Monday, January 6, 2014

New Title



1) White, Clayton M., Tom J. Cade and James H. Enderson. Peregrine Falcons of the World. 2013. Lynx Edicions. Hardbound: 379 pages. Price: $30.00 U.S. (plus shipping).
PUBLISHER'S SUMMARY: Perhaps beginning near the end of the Pleistocene, Peregrines began to acquire a vast cosmopolitan distribution, and set the stage for fascinating structural, behavioral, and population distinctions related to where they lived. Those divergences were driven by the various demands of landscapes as different as one can find on earth, including Greenland tundra, South Pacific islands, Utah arid scrublands, the cold wind-swept Aleutians, and warm, moist Indonesian forests. Modern Peregrines reveal that geographic isolation may befall even a creature renowned for great speed and mobility.
      Peregrine Falcons of the World brings together the lifetime experiences of the authors with this splendid falcon in the field and in museums, hundreds of personal accounts by Peregrine observers worldwide, a vast literature on this falcon which is surely among the best-studied birds, scores of superb photographic images so generously supplied, and the matchless art of Andrew Ellis. The goal is to provide a feel for how Peregrines have responded to their varied world, and to earmark the many gaps in what we know. Oddly, Peregrines have not colonized many places, where by any reckoning, they should be.

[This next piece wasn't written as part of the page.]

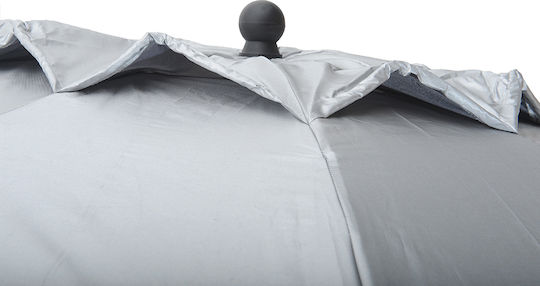 Hupa Mystic BlackOut Beach Umbrella Diameter 2m with UV Protection and Air Vent White
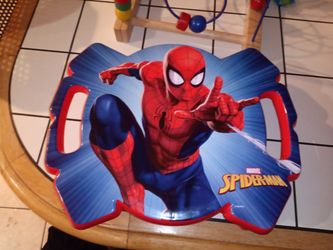 Spider man racer board almost be new.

      In recent times, roughly twenty subspecies of Peregrines were described. The historical reasons for these designations, and our current analyses are provided here. Some populations are very distinct in form and color, but sometimes they geographically overlap and intergrades appear. Each subspecies account also describes distribution, hunting and nesting habitats, migration and wintering ranges, estimated population sizes, and conservation aspects.
      In the end, present day Peregrines appear in at least a score of populations experiencing different degrees of isolation and enjoying different rates of divergence. The challenge of understanding their relationships is sometimes made greater by almost complete lack of information or specimens from vast regions where neighboring subspecies apparently come together because no obvious barrier exists. But the Peregrine Falcon will never lack for serious aficionados. Field people around the world add to the growing literature almost weekly so that someday a more complete appreciation is inevitable.
RECOMMENDATION: A MUST have for anyone with an interest in this species!